Un homme dans la trentaine a été « tabassé », puis ligoté par au moins deux suspects, jeudi en matinée, dans son condo de l’Île-des-Sœurs, pendant que sa conjointe était « isolée » dans une autre pièce. La police de Montréal a ouvert une enquête, afin de déterminer le motif de cette agression au domicile. Au moins deux suspects se seraient présentés à la porte d’un condominium situé au haut d’une tour d’habitation située dans la rue de la Rotonde. Quand la victime, un homme âgé de 31 ans, s’est présentée à la porte, « les suspects s’en seraient pris à lui en le tabassant, puis en le ligotant à l’intérieur de l’appartement », a rapporté l’agent Raphaël Bergeron, du Service de police de la Ville de Montréal. L’homme a subi plusieurs blessures importantes lors de l’agression. De son côté, la conjointe de la victime n’a pas subi de blessures majeures.

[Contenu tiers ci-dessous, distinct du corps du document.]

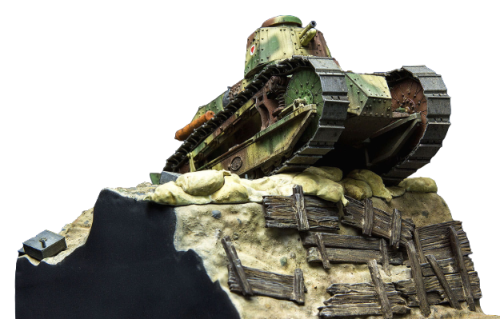 FT-17 (Renault) French Light Tank 1:35 Meng TS-011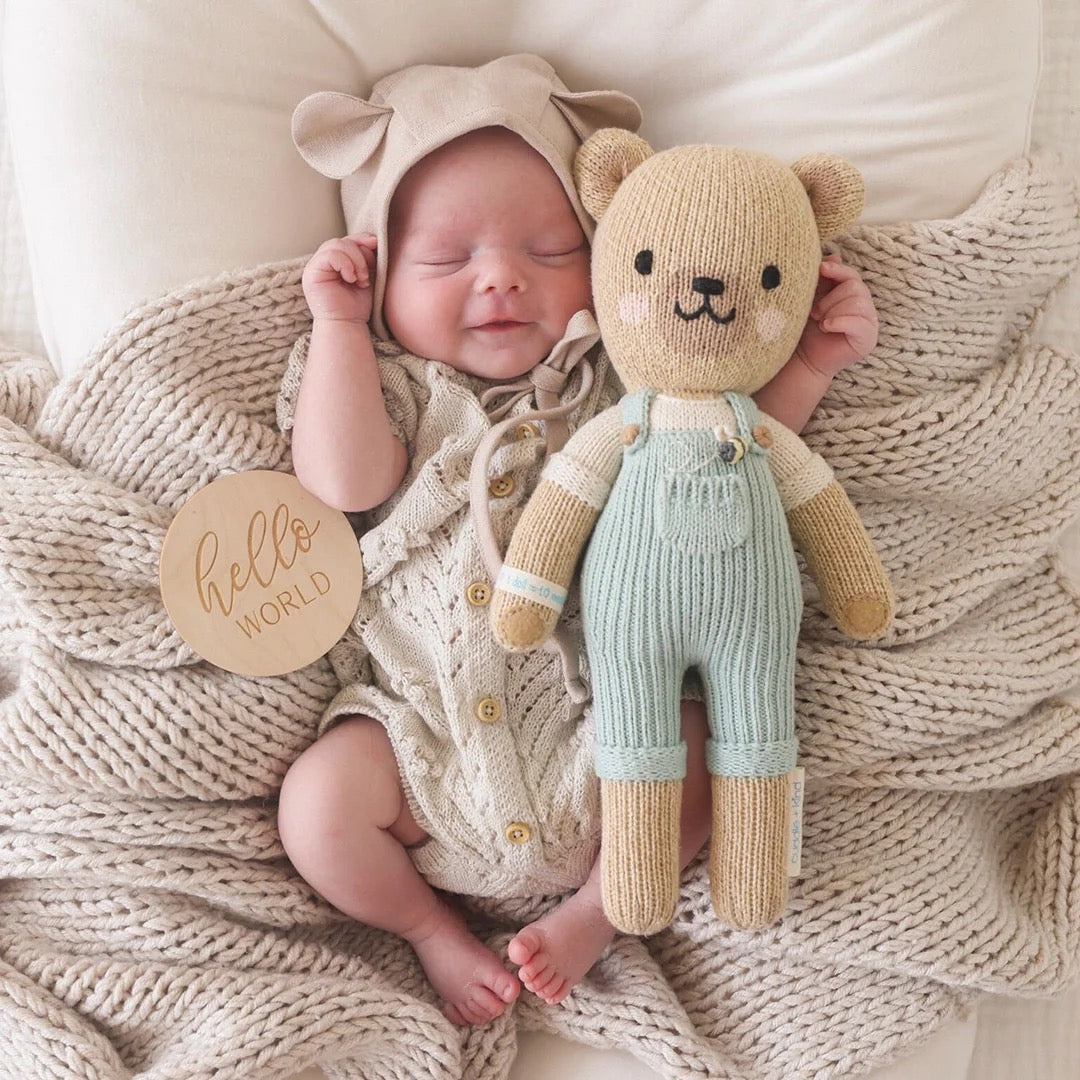 Charlie the Honey Bear 13" | Gives 10 Meals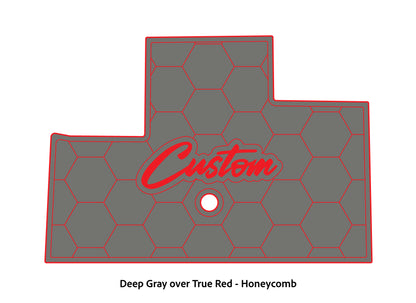 2000-2009 Bass Cat Sabre Eva Foam Cockpit Mat
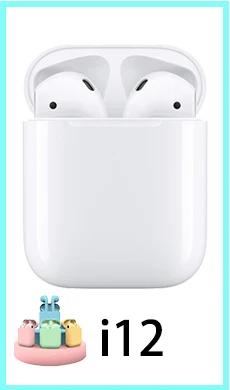 i500 1: 1 earpod pro tws Wireless Stereo Earphone noise cancelling headphone i10 i9s i12 i200 cheap handsfree earbud for iphone - ANKUX.COM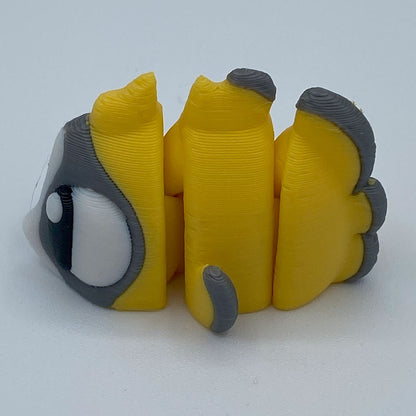 Butterflyfish flexi 3d print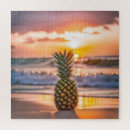 Search for pineapple puzzles Beach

— Henri Ouellette-Vézina, La Presse

Hausse des cotisations salariales

La Cour suprême n’entendra pas la cause des pompiers de Montréal

La Cour suprême a refusé jeudi d’entendre une cause opposant la Ville aux pompiers de Montréal, qui tentaient depuis 2014 de faire invalider une hausse de 25 % de leurs cotisations salariales. La fin de non-recevoir du plus haut tribunal au pays met donc un terme à une longue saga judiciaire, qui pourrait toutefois reprendre dès cet automne. Tout avait commencé en décembre 2014, quand la loi 15 avait été adoptée. Elle impose notamment le partage moitié-moitié du coût des régimes de retraite municipaux. Rapidement, elle avait été contestée devant les tribunaux par plusieurs syndicats. L’une des conséquences de cette loi a été de provoquer une augmentation de près de 25 % des cotisations payables par les membres de l’Association des pompiers de Montréal, à titre de contribution à leur régime de retraite. À l’Association des pompiers, le président Chris Ross n’a pas caché sa « déception » jeudi, lorsque joint par La Presse. « On n’est pas vraiment surpris, mais c’est sûr qu’il y a une déception importante de nos membres au sujet de cette décision-là. »

— Henri Ouellette-Vézina, La Presse

Rectificatif

Hong Kong

Une erreur s’est glissée dans notre article de jeudi sur les arrestations à Hong Kong. La rétrocession de l’ancienne colonie britannique à la Chine date bien sûr de 1997 et non de 2017, comme nous l’avons écrit. Nos excuses.